# Fresh Blood



## KevMac58 (Feb 27, 2011)

Hiya to all who read this request.

My Wife and I are looking to move to the Vila Nova de Poiares area and are currently looking at property on the Net.
I lived near Lisbon from 1986 -88, seconded to NATO from the Royal Navy. During my time there, i learnt to speak Portuguese to a reasonable level and i'm sure it would not take me to long to get back into the swing of the language. I travelled quite extensively throughout Portugal during my stay there and loved the people and way of life.
We are looking to correspond with some Expats who live and work in this area on the current job situation and a general idea of what it is like to live in the Vila Nova de Poiares area and the size of the Expat community.
I work within the Building Services Industry.
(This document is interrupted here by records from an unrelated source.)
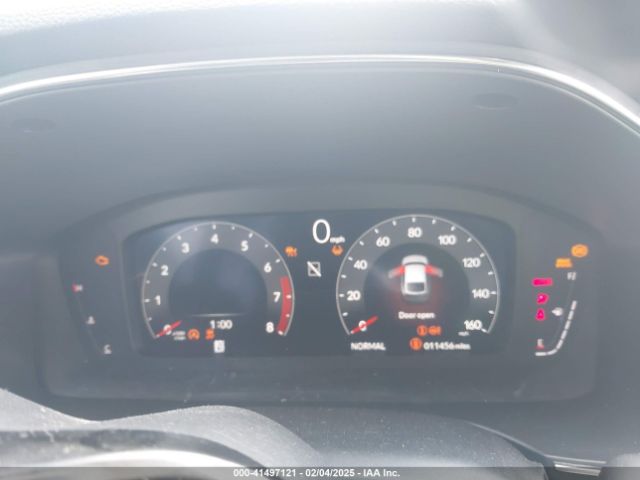 2024 ACURA INTEGRA 19UDE4H66RA010544 Photo 6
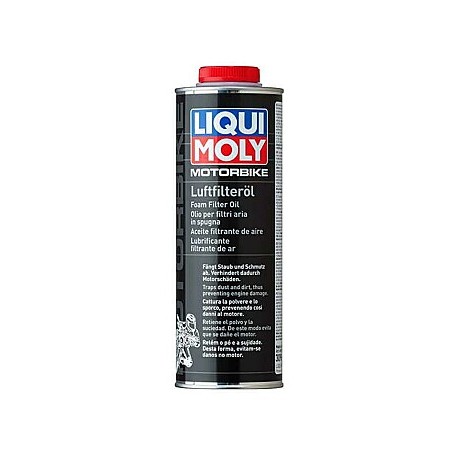 LIQUI MOLY ACEITE MOTO ACEITE FILTRANTE AI mgiautoparts.com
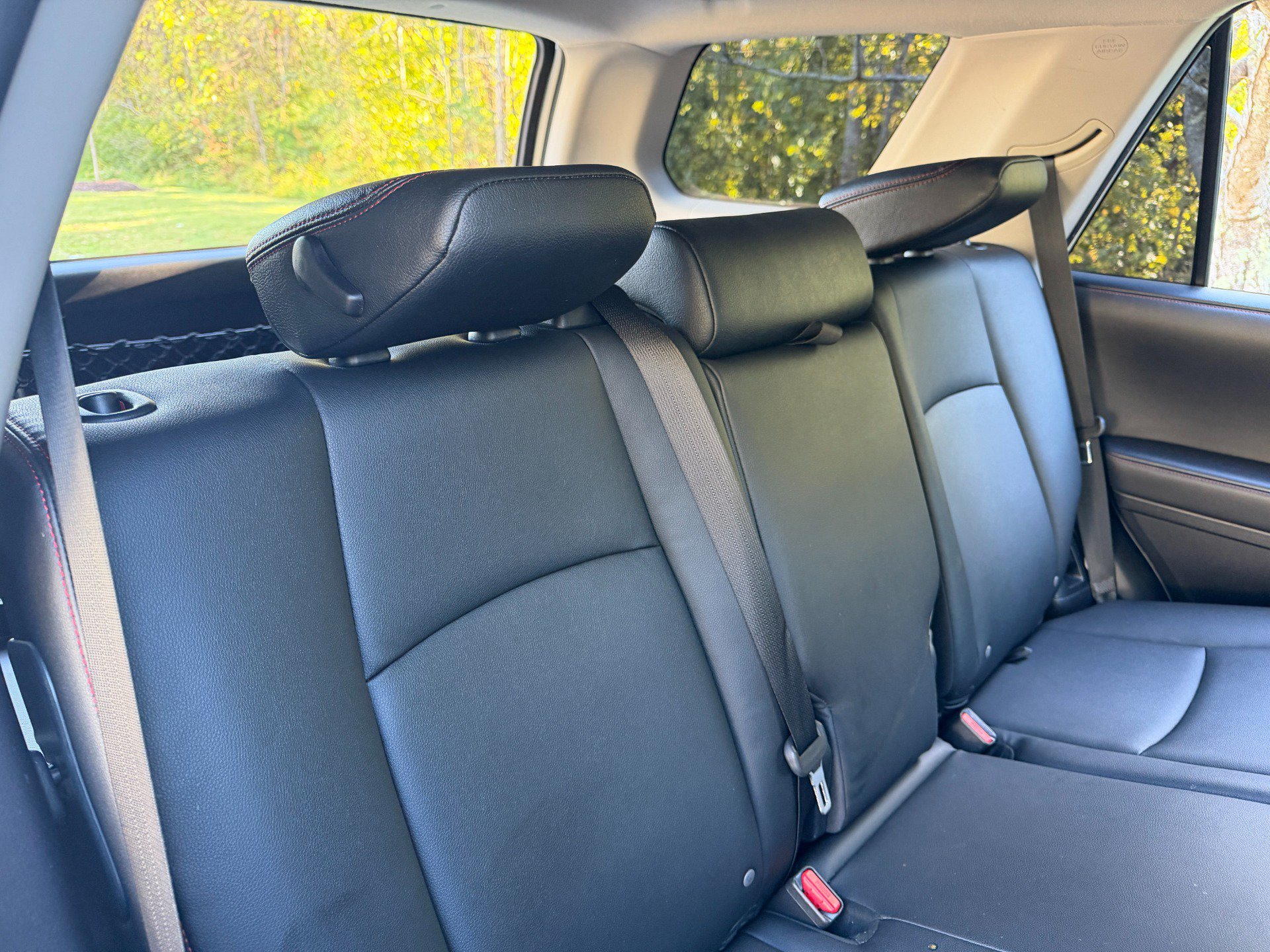 Used 2021 Toyota 4Runner TRD Pro AWD/4WD image 74
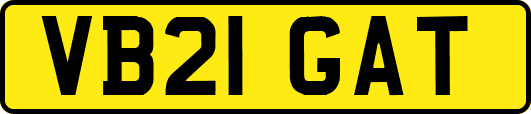 VB21GAT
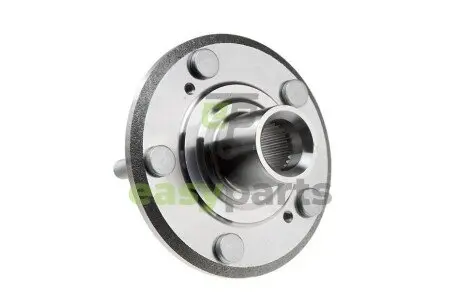 Маточина колеса пер. NTY KLP-HD-022P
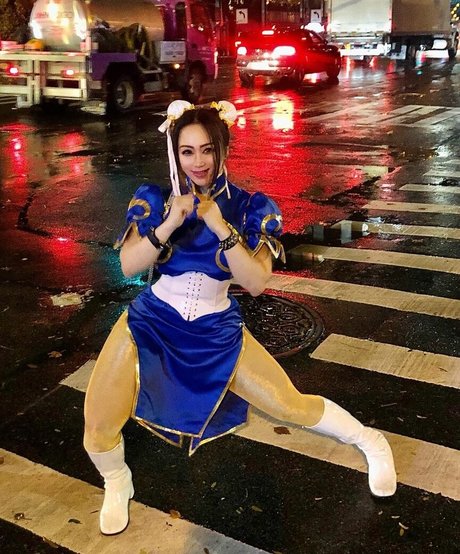 Dajinism pornostar xxx fotos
I am a Mechanical/Electrical Engineering Surveyor QA, but can do most anything Engineering wise, hands on or Management, including Marine Engineering.
My Wife is a Recruitment Manager (Automotive Engineering) with clients such as Ford, Jaguar, Nissan and McClaren, but could move into Sales positions if required.
If anybody can help us with our future plans we would appreciate it.

regards

Kev


----------



## R666 (Feb 23, 2011)

KevMac58 said:


> Hiya to all who read this request.
> 
> My Wife and I are looking to move to the Vila Nova de Poiares area and are currently looking at property on the Net.
> I lived near Lisbon from 1986 -88, seconded to NATO from the Royal Navy. During my time there, i learnt to speak Portuguese to a reasonable level and i'm sure it would not take me to long to get back into the swing of the language. I travelled quite extensively throughout Portugal during my stay there and loved the people and way of life.
> ...


what info would you like??


----------



## KevMac58 (Feb 27, 2011)

Hi, R666,
we would ideally like to know what the job situation is like, how many Expats live in the area and is there a social gathering venue.
We are hoping to visit Vila Nova de Poiares later in the year to look at property in the area and would look for some recommedations on where to stay during our visit.

regards

Kev


----------